At the same company.

Except.

He’s where he is.

And I’m where I’m at.

Which, is not where I thought I’d be.

Took the wind out of my sails a bit.

“A bit” falling under that broad category of “pathological understatement”.

Not his fault.

He’s just another boat, crossing through my wind.

Sailing his own path.

I made choices that got me here.

Now I’m making other ones.

Someone whose input I value deeply reminded me that “comparison is the thief of joy”.

It’s attributed to Teddy Roosevelt.

What I like about that quote is that it’s not their fault I feel inadequate.

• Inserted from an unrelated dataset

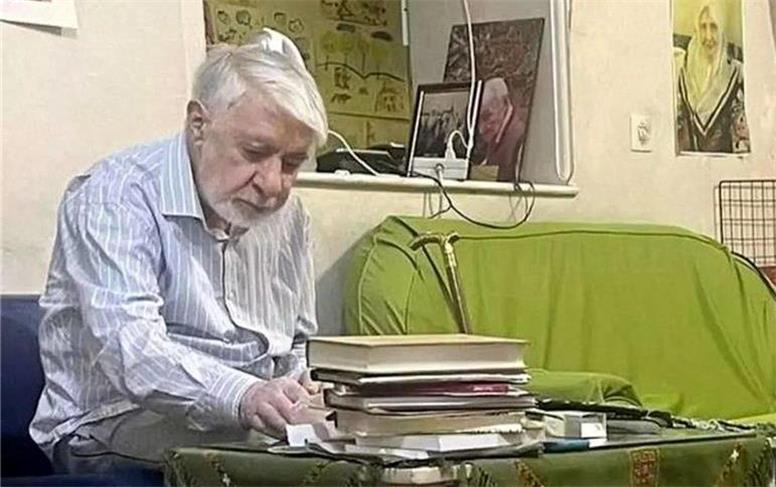 ملاقات نماینده رئیس جمهور با میرحسین موسوی
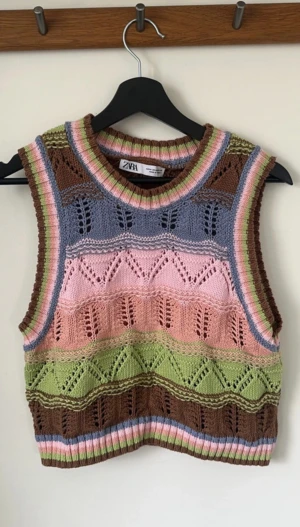 ZARA Stickad väst - Använd 1 gång, croppad i modellen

He’s just living his life.

But I held myself up to his accomplishments, and found myself lacking.

That’s on me.

And so is choosing to look again at my own course.

Find the horizon again.

More sailing, less worrying about the other boats.

Rest area

The rest area.

Icon of the road trip.

Or at least a necessity, with the stretches of American asphalt winding for miles, hours from the nearest bit of civilization.

They’re not as useful as they once were, overtaken by “travel plazas” full of fast food and slightly cleaner restrooms.

But when you need one, you need one.

Either that, or you’re going to have to go through contortions better left to a gymnast to answer the call of nature without doing anything obscene.

I hit a rest area this morning.

A pocket of de-motivation.

I started thinking of it as stalling.

The car off the side of the road, hood popped, not sure what to do because my skills have never run toward the automotive.

But it’s a rest area.

The road’s right there.

I’m headed back out on it soon enough.

It doesn’t have to be elaborate to be a break.

A pause in the forward motion.

Take a breath, turn the key, and start again.

Just keep raking

I’ve rediscovered TikTok.

Don’t expect my influencing to bloom.

But.

Along with most of the world, I too am scrolling through videos of people feeding raccoons, politicians making points, and cats losing their minds.

And then there’s the raking guy.

I don’t think he’s a content creator.

Just some guy.

With a rake.

Facing a clogged drain.

It’s raining, he knows there’s a drain under the water somewhere.

Water that’s currently covering a sidewalk.

First few strokes, nothing happens.

Same with the following strokes.

Until finally, he clears whatever was clogging it.

Water rushes away.

Sidewalk: usable again.

When the plan isn’t going as planned, sometimes all we can do?

Is rake.

There’s a drain under there somewhere.

Manifesting

Manifest.

It’s a funny word.

Means a few different things, because language.

But thinking about it in terms of the universe.

Which, I believe is connected to every other part of the universe.

That’s science, thank you.

Quantum physics.

What can I say, I watch Marvel movies.

Growing up I believed in a few other things.

Manifest destiny was one of them.

I still believe in manifestation.

With a difference: I don’t think that’s up to Someone Else.

Not that I don’t believe in a Higher Power.

Because Something or Someone clearly had Ideas.

What I don’t believe in is waiting for Them to show me Their Plan.

Because They’re pretty fickle.

Petty, even.

Like all the rest of us sentient beings.

Instead?

Putting my energy into manifesting the life I deserve.

I cannot tell you how hard it was to finish that sentence as a child of religious trauma raised to believe that what I deserve is death because Adam and Eve got the munchies.

But as a child of a Universe that wants to see me realize my potential?

That’s a Universe I’d very much like to manifest.